• Your assignment: Below, find the line containing "京都日本の嵯峨野の竹林 キッチンタオル (横)"; from there to the final line, print every line exactly and skip the pictures.

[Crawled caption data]
------------------------------------

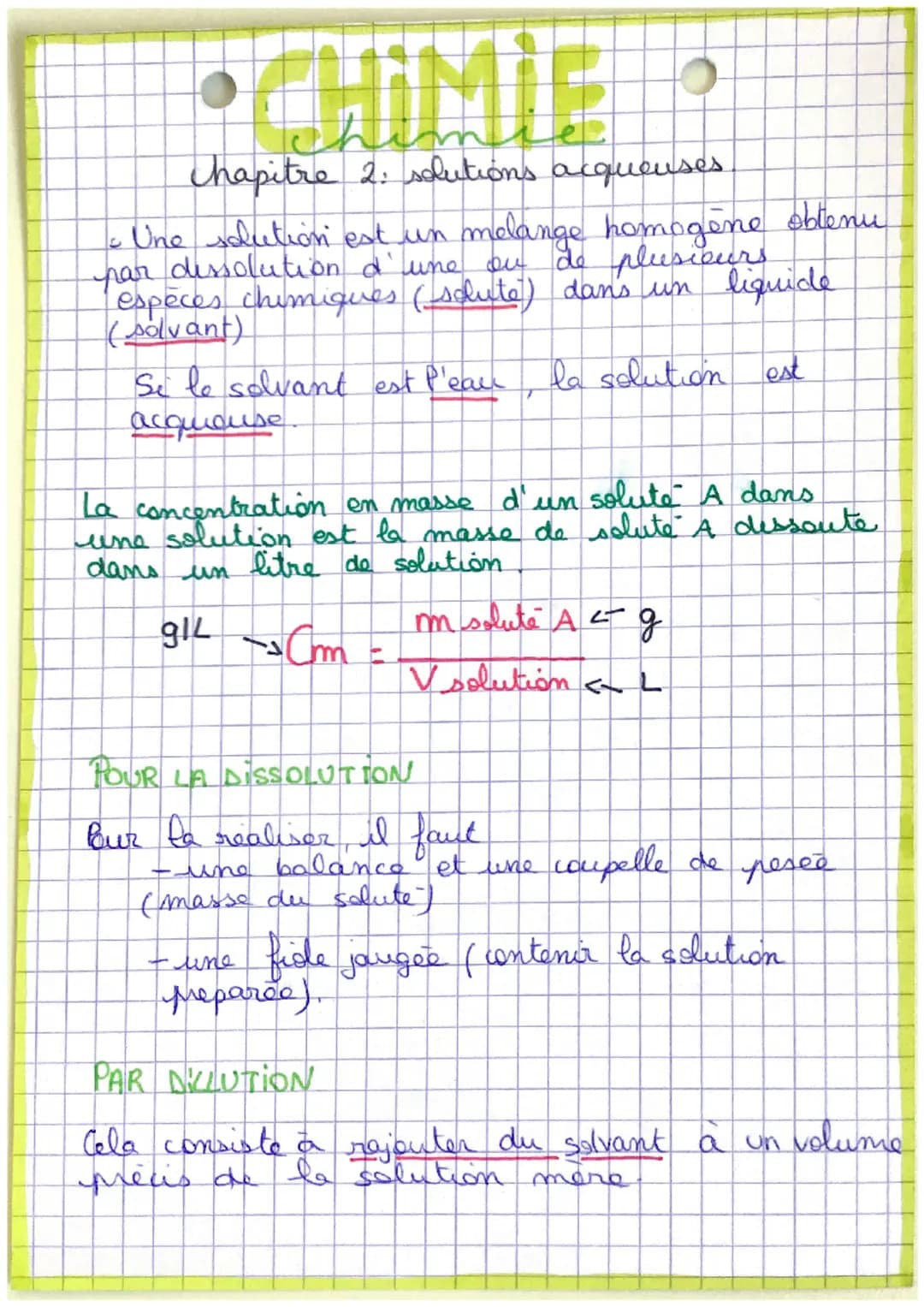 • CHIMIE
chapitre 2: solutions acqueuses.
3
- Une solution est un melange homogène obtenu
par dissolution d'une ou de plusieurs
espèces chim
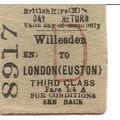 B.R. Edmondson Ticket - Willesden to London Euston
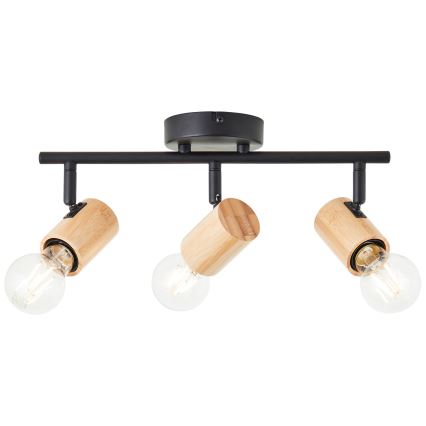 Brilliant - Spot KERRY 3xE27/40W/230V noir/bambou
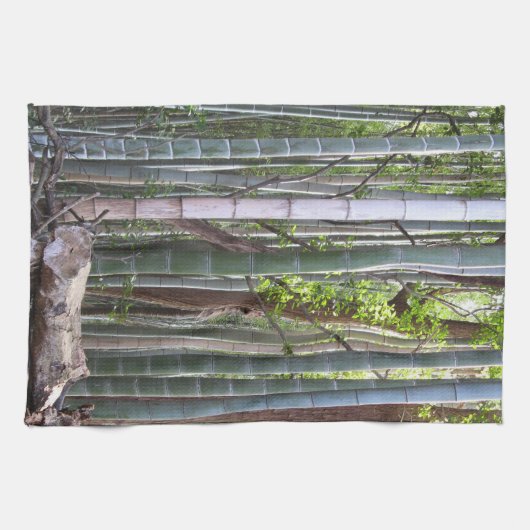 京都日本の嵯峨野の竹林 キッチンタオル (横)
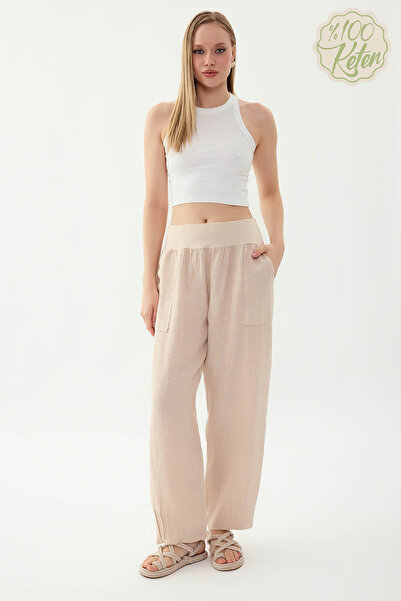 Vitrin 100% Linen Leggings Pleated Pocketed Pants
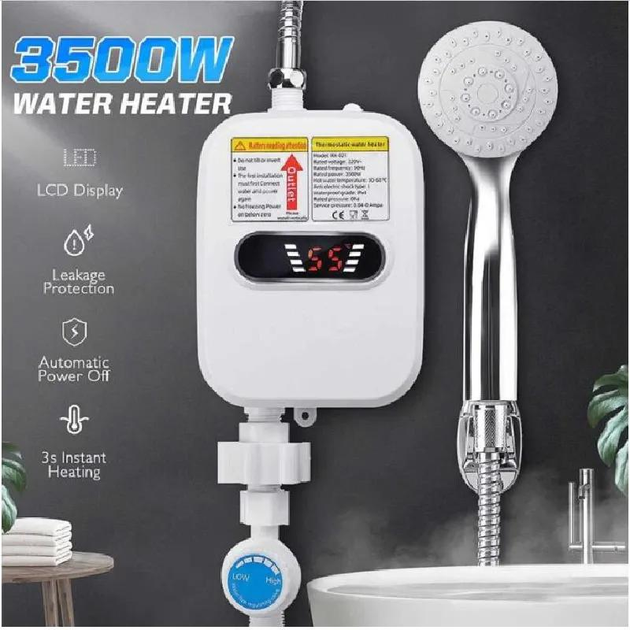 Термостатичний водонагрівач UKC RX-021 з душем та LCD екраном 3500W 60°C - изображение 3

------------------------------------

• Your solution:
 京都日本の嵯峨野の竹林 キッチンタオル (横)
 Vitrin 100% Linen Leggings Pleated Pocketed Pants
 Термостатичний водонагрівач UKC RX-021 з душем та LCD екраном 3500W 60°C - изображение 3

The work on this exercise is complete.